▸ **Material for this exercise**

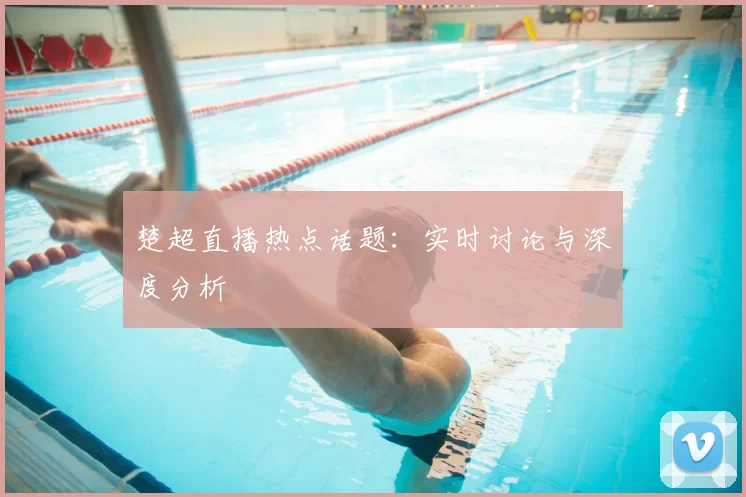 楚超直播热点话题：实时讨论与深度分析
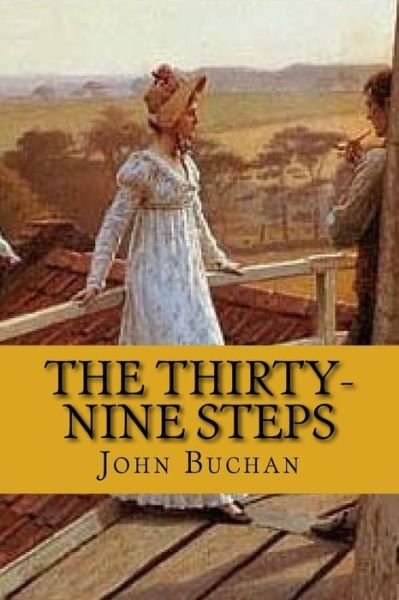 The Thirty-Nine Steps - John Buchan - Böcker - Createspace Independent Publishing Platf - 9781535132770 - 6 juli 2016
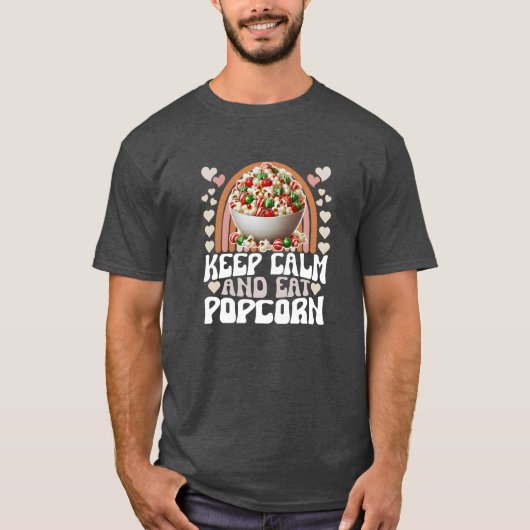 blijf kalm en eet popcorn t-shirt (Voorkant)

* * *

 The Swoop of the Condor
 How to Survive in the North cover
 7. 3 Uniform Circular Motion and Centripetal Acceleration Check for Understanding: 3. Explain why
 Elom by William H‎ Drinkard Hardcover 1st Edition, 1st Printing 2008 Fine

...

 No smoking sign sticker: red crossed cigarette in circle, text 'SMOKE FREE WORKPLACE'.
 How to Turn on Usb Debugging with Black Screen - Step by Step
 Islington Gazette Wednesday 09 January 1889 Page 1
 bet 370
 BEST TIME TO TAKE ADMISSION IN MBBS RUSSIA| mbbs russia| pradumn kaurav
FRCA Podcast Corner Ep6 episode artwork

▸ **Exercise prompt**
The entries above hold the needed span. Transcribe exactly the lines from the one with "How to Turn" to the one with "FRCA Podcast Corner Ep6 episode artwork", both included.

▸ **Written answer**
 How to Turn on Usb Debugging with Black Screen - Step by Step
 Islington Gazette Wednesday 09 January 1889 Page 1
 bet 370
 BEST TIME TO TAKE ADMISSION IN MBBS RUSSIA| mbbs russia| pradumn kaurav
FRCA Podcast Corner Ep6 episode artwork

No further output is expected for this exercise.